"skipped due to small size" error

martinjzhang / scDRS

Single-cell disease relevance score (scDRS)

https://martinjzhang.github.io/scDRS/

MIT License

98 stars 11 forks source link

"skipped due to small size" error #54

Closed NaomiHuntley closed 1 year ago

NaomiHuntley commented 1 year ago

Hello. I am working on computing scDRS scores for several different traits, however I keep getting the error that the trait is being skipped due to small size for all the different traits that I try: Screenshot 2023-03-20 at 10 42 30 AM

Here is the head of the file I am testing the code on: Screenshot 2023-03-20 at 10 43 14 AM

Thank you!

martinjzhang commented 1 year ago

Hi,

The format of the .gs file is expected to be gene1:weight1,gene2:weight2,..., where gene1, gene2, etc. are gene names. However, in your file, gene1 appears to be represented by the number 130576, which is not a gene name (like Cd4). As a result, none of the genes in your .gs file appear to be present in your .h5ad file, which means that scDRS will not be able to process the data correctly. To ensure that scDRS can work with your data, please check that the genes listed in your .gs file match the gene names present in your .h5ad file.

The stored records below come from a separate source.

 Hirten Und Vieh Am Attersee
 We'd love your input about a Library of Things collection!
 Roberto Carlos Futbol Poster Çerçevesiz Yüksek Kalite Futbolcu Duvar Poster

NaomiHuntley commented 1 year ago

Thank you for the quick reply. It seems that the numbers come from the magma gene analysis step. This is my first time using magma, so do you happen to have any insight as to why this would happen?

Thank you!

martinjzhang commented 1 year ago

@KangchengHou could you help with the MAGMA question? Thanks

KangchengHou commented 1 year ago

@NaomiHuntley in the MAGMA directory, there is a file <MAGMA_DIR>/NCBI37.3.gene.loc which contains the correspondence between gene number and gene symbol. Will add this information to https://github.com/martinjzhang/scDRS/blob/master/docs/compute_magma_gs.md Please let me know any questions

NaomiHuntley commented 1 year ago

Hi @KangchengHou - as I am new to this, I am not entirely sure how to map the gene numbers to the symbols. I looked through the documentation for magma, but it seems that is not something I can do in magma. Is there a different tool? Thanks in advance for the clarification!

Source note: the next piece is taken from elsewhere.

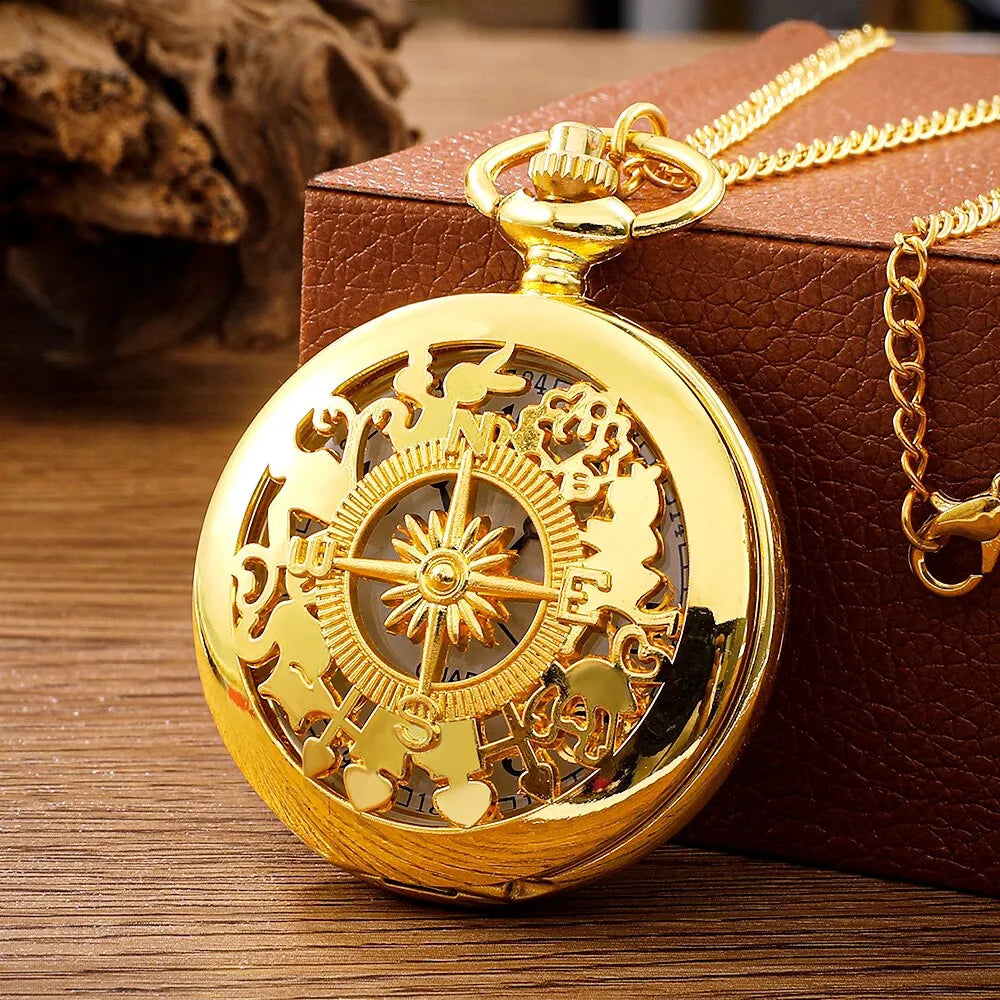 Gold pocket watch, outdoor hiking and adventure equipment, flip compass pocket watch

martinjzhang commented 1 year ago

HI @NaomiHuntley, NCBI37.3.gene.loc is a .tsv file whose first column is the numbers and last column is the gene names. You need to write a small script (e.g., in R or Python) to do the mapping, changing the numbers to the corresponding gene names.

KangchengHou commented 1 year ago

@NaomiHuntley Alternatively you can try with the following to modify NCBI37.3.gene.loc that was used to run MAGMA

# switch the 1st column and the 6th column
awk '{OFS="\t"; print $6,$2,$3,$4,$5,$1}' NCBI37.3.gene.loc > NCBI37.3_symbol.gene.loc

And for MAGMA step1, use the following (note the replaced gene-loc file)

${magma_dir}/magma \
    --annotate window=10,10 \
    --snp-loc ${magma_dir}/g1000_eur.bim \
    --gene-loc ${magma_dir}/NCBI37.3_symbol.gene.loc \
    --out out/step1

This should be more convenient. Please let us know how this works

NaomiHuntley commented 1 year ago

@KangchengHou Thank you so much for that explanation. I am new to all of this so that helped a lot. I just submitted the gene annotation step, which took a few days last time. I will post an update when it works or if there are any more problems.

NaomiHuntley commented 1 year ago

@KangchengHou @martinjzhang Thank you for the help! This code worked well for me and corrected my issue.